Beware the Riptide

“Princes and governments are far more dangerous than other elements of society.”
Summer 2021
Riptide flags at a beach

One of nature’s deadliest deceptions, a riptide is a narrow but powerful underwater current that lurks close to shore often under the illusion of a gentle surf. Even the most experienced swimmer can be swept out to sea fighting a current so swift it can reach speeds of up to eight feet per second.

A riptide is the perfect metaphor for today’s tax environment. After a year of political and social crisis, many of us are reveling in sweet signs of renewal: a reviving economy, a receding pandemic, a joyful reunion with family. Few seem to be aware of the powerful revenue-raising undercurrents developing in our state capitols and in Washington.
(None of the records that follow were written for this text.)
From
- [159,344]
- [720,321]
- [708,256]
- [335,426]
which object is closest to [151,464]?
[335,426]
Everyone has been expecting tax increases for some time but the number and scope of the proposals under discussion are unprecedented. The first and most likely to pass is a proposal to double the long-term capital gains tax to 40% or more for the wealthiest Americans.

More threats loom. The federal estate tax exemption, currently a generous $11.7 million, may be slashed as low as $3.5 million. In Washington, there’s talk of raising estate tax rates and lowering the maximum lifetime gift exemption. Trusts that have been a safe haven for decades are now under scrutiny by tax-hungry lawmakers. Even the modest step-up in cost basis for heirs may be in jeopardy.
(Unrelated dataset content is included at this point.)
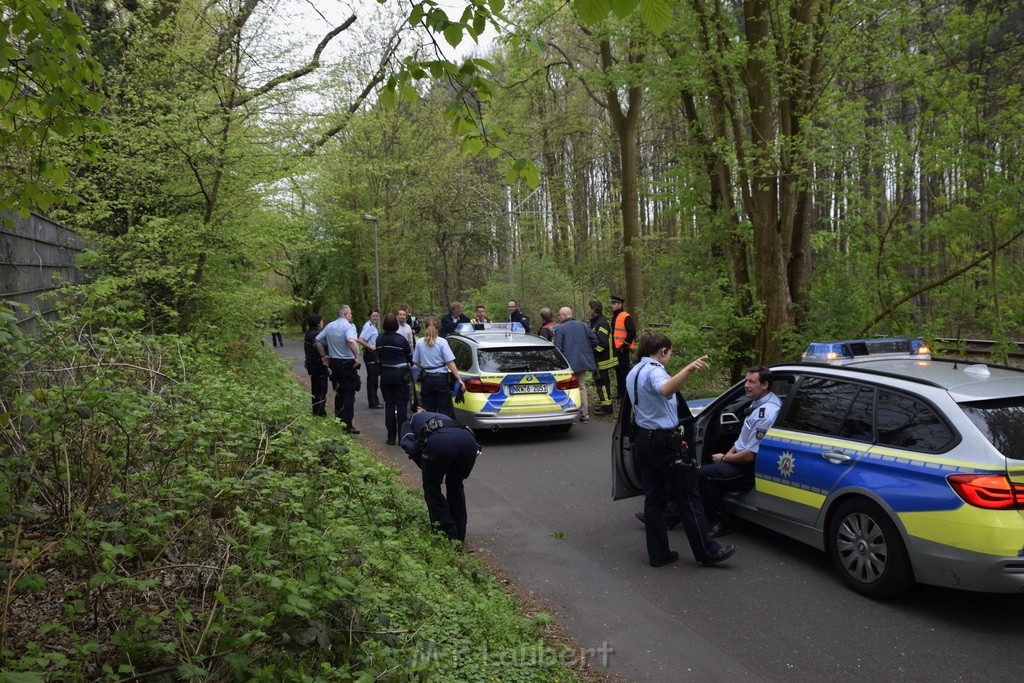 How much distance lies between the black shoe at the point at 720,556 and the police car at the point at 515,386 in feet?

Washington’s enthusiasm for revenue-raising measures has emboldened state lawmakers to get in on the action. There’s glee these days in Springfield. For decades, Illinois has sharpened its skills at squeezing revenue from its residents like a python. Illinois ranks in the top five among states for overall tax burden, that is, its property, income, sales and excise taxes.
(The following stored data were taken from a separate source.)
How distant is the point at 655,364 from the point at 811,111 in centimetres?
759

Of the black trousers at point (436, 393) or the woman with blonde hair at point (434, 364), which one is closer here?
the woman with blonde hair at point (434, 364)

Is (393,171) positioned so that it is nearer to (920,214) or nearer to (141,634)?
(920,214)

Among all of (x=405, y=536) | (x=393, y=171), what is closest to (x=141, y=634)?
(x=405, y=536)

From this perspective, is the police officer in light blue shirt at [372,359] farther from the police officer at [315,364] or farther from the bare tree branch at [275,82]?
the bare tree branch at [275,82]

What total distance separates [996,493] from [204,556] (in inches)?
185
Illinois’ lawmakers seem undeterred by that ignominious distinction. One recent proposal would raise the state estate tax by 30% or more. Illinois just might rocket to the most taxing state in the U.S.

No one can predict how many of these proposals might become law, or when they might take effect. What we do know for sure, however, is that there’s a high likelihood of a torrent of new taxes.

To survive a riptide, swimmers are advised not to fight the current. That’s a good strategy for today’s rough waters. Wise investors will monitor the tax basis of their assets, their irrevocable trusts, their balance sheets, and their philanthropy. They might even paddle into a state with low or no income and estate taxes.

Most importantly, they’ll stay in close touch with their financial lifeguards – their lawyers, their wealth advisors and their CPAs – so they will be well aware of the dangers of a riptide.